ライフスタイルの変化、働き方の変化により、24時間営業のニーズは縮小していくと考えられます。すかいらーくホールディングスの24時間営業の廃止は、社会の変化に合わせたものであり、避けられないものです。
24時間営業の店舗は便利ですが、ずっと存在し続けるとは考えない方がよいです。
深夜・早朝よりもランチ・ディナーの時間帯にチャンス
すかいらーくホールディングスは24時間営業の廃止を発表しました。これは従業員の健康に配慮した職場環境作りを実現するとともに、ランチ・ディナーの時間帯に人的資源を集中させ、売上、利益を増やす戦略でもあります。

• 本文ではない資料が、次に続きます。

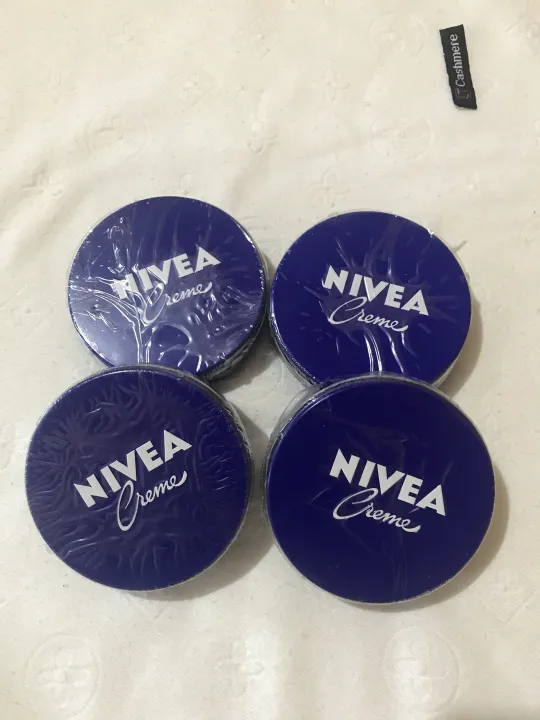 Nivea Creme Original made in Japan 100% 169g | Lazada PH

深夜・早朝とランチ・ディナーの時間帯を比較すると、ランチ・ディナーの時間帯の方が売上、利益を増やすチャンスが大きいのではないかと思います。
惣菜、冷凍食品などの中食市場が拡大しています。単身者の増加、働く女性の増加により、料理をしない人が増えているためです。料理をせずに食事をしたいニーズが高まっており、ランチ・ディナーの時間帯に売上、利益を増やすチャンスがあります。
飲食チェーン店では、店内で食事をするだけではなく、デリバリー、テイクアウトのニーズもあります。デリバリー、テイクアウトのお客さんが増えることは、店内で食事をするお客さんの増加にも繋がります。ロイヤルティの高いお客さんは、店内での食事、デリバリー、テイクアウト、すべてを利用します。
客数が少ない深夜・早朝を廃止して、客数が多いランチ・ディナーの時間帯に人的資源を集中することで、店舗の生産性が向上します。
従来の店舗運営では、ランチ・ディナーの時間帯と深夜・早朝それぞれに、優秀な人材が割り当てられていたと思います。深夜・早朝を廃止することで、ランチ・ディナーの時間帯に優秀な人材を集中できます。
深夜・早朝のニーズが縮小していくことを考えると、ランチ・ディナーの時間帯に人的資源を集中させ、売上、利益の増加を目指すのはよい戦略です。